Subject 3’s responses were very similar, expressing his need for highly seasoned people with at least eight years of IT experience with both soft skills and project management skills in

order to be looked at for acceptance into the subject’s security department. However, the subject offered that, at least in regards to security, lots of different backgrounds were able to be utilized within the industry. He highlighted the presence of developers and managers within his security department. On the topic of what new

hires had to offer, the subject had this to say:

“I can find a lot of one-off people. So if I wanted a pen tester, I could find someone

to do pen testing. If I wanted a UNIX admin, I could find someone to be a UNIX admin. I don’t find very many people that have

multiple skillsets or that can move between the security domains fluidly.”

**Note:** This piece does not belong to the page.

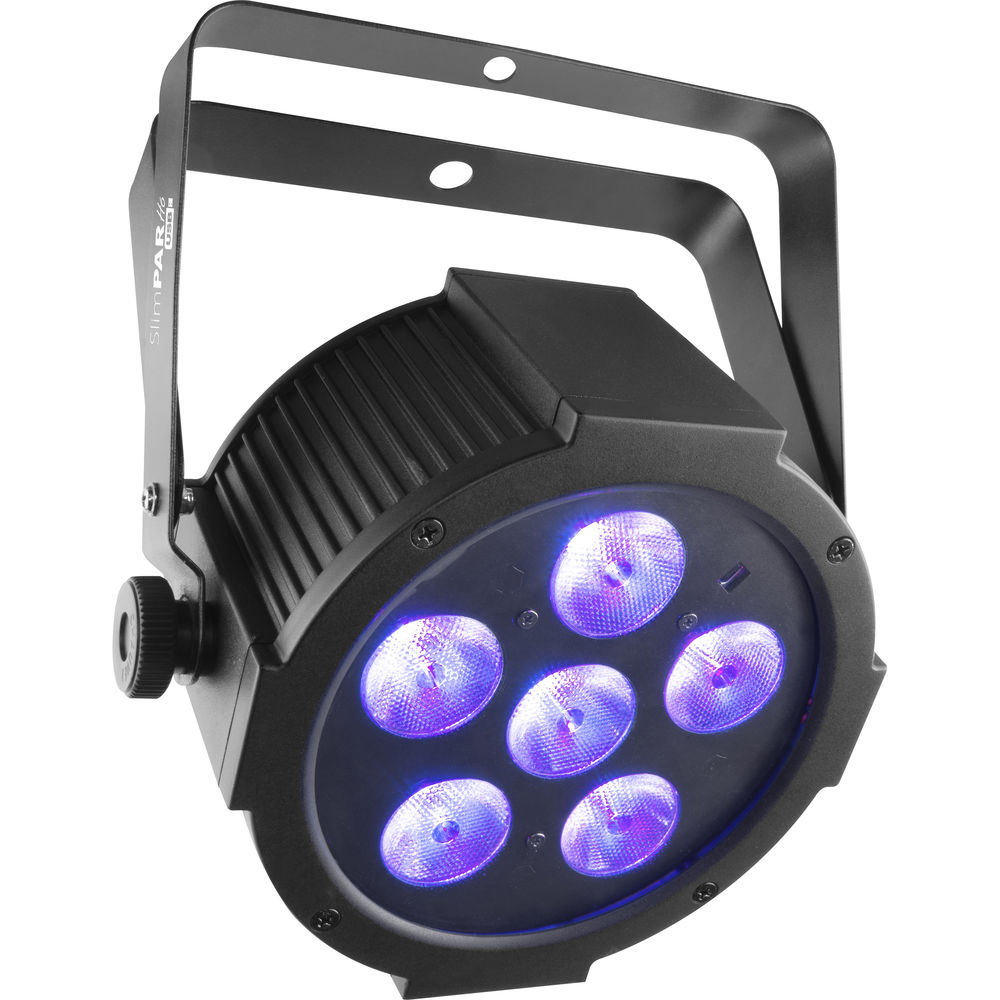 Chauvet SlimPAR H6 USB LED Lighting Fixture (RGBAW+UV) - SLIMPARH6USB (Wireless DMX)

In regards to security specifically, the subject reported that what he called the “security boom” had taken people and made them think they are

more valuable than they actually are in the

industry, causing a rise in salaries and a fall in

expectations. The subject reported his personally valued skills

were such skills as a good work ethic, as he stated security was not a nine-to-five job and involved many late nights, the ability to self-teach, with the added comment that he was willing to send people for training as long as they proved their worthiness for such training as well as the expansion of their own horizons on their own

time, and soft skills, such as project management and the ability to work with people outside of the direct chain of command within the workplace. Subject 4’s personally valued skills were similar to Subject 3’s, including a polishing technology

background, a willingness to get hands dirty and be courageous, good communication skills which he valued as “critically important.” The subject stated that technical skills were able to be taught through classes and certification courses, yet intangible skills such as communication and collaboration were not skills easily taught.

Furthermore, the respondent stressed the need for communication skills, as many technology skills like security are embedded into everything that a company does. The subject offered that the “best security people aren’t security people” but rather are the people who have an understanding of the technology or discipline in order to

effectively secure it, using as an example that in order to have effective web application firewalling

delivery controls, he would optimally look for someone who had been working on load balancers and application delivery controls.

The subject offered that skills that appeared “sexy” or that appeared to equate a quick pay day were overpopulated and that practical security skills were watered down in many candidates. Additionally, the subject reported that he saw skills like knowing fundamentally how technology works as underpopulated in the pool of new hires.

The subject stated that technology had become “abstractions upon abstractions upon abstractions that makes things easier” and that he valued people who can “decompose complex

problems into very primitive parts, and to be able to communicate that clearly and effectively.”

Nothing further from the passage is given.